:: WHAT YOU WILL DO ::
The full listing needs to be output exactly.

--- START ---

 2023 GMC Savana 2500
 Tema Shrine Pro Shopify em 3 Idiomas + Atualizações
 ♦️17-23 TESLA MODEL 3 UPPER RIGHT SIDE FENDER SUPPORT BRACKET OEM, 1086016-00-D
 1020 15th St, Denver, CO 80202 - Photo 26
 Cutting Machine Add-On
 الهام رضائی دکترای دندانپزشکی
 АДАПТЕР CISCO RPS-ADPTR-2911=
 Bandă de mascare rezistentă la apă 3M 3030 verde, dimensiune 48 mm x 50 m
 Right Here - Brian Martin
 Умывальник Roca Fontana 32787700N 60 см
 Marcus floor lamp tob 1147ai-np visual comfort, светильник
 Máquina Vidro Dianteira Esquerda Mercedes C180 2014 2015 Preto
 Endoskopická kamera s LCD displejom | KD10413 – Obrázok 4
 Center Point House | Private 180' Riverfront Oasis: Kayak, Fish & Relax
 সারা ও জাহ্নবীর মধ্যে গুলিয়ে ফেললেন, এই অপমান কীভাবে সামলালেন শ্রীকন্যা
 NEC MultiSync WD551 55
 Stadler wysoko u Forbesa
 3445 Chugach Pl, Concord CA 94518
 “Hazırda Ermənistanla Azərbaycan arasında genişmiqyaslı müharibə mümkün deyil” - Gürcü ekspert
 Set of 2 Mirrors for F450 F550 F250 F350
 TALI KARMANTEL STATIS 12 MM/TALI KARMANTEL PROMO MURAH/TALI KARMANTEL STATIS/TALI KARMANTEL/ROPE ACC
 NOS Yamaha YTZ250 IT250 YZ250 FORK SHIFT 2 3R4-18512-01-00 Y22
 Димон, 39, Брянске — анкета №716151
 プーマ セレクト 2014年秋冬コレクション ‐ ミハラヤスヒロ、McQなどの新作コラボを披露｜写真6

--- END ---

:: TASK ANSWER ::
 2023 GMC Savana 2500
 Tema Shrine Pro Shopify em 3 Idiomas + Atualizações
 ♦️17-23 TESLA MODEL 3 UPPER RIGHT SIDE FENDER SUPPORT BRACKET OEM, 1086016-00-D
 1020 15th St, Denver, CO 80202 - Photo 26
 Cutting Machine Add-On
 الهام رضائی دکترای دندانپزشکی
 АДАПТЕР CISCO RPS-ADPTR-2911=
 Bandă de mascare rezistentă la apă 3M 3030 verde, dimensiune 48 mm x 50 m
 Right Here - Brian Martin
 Умывальник Roca Fontana 32787700N 60 см
 Marcus floor lamp tob 1147ai-np visual comfort, светильник
 Máquina Vidro Dianteira Esquerda Mercedes C180 2014 2015 Preto
 Endoskopická kamera s LCD displejom | KD10413 – Obrázok 4
 Center Point House | Private 180' Riverfront Oasis: Kayak, Fish & Relax
 সারা ও জাহ্নবীর মধ্যে গুলিয়ে ফেললেন, এই অপমান কীভাবে সামলালেন শ্রীকন্যা
 NEC MultiSync WD551 55
 Stadler wysoko u Forbesa
 3445 Chugach Pl, Concord CA 94518
 “Hazırda Ermənistanla Azərbaycan arasında genişmiqyaslı müharibə mümkün deyil” - Gürcü ekspert
 Set of 2 Mirrors for F450 F550 F250 F350
 TALI KARMANTEL STATIS 12 MM/TALI KARMANTEL PROMO MURAH/TALI KARMANTEL STATIS/TALI KARMANTEL/ROPE ACC
 NOS Yamaha YTZ250 IT250 YZ250 FORK SHIFT 2 3R4-18512-01-00 Y22
 Димон, 39, Брянске — анкета №716151
 プーマ セレクト 2014年秋冬コレクション ‐ ミハラヤスヒロ、McQなどの新作コラボを披露｜写真6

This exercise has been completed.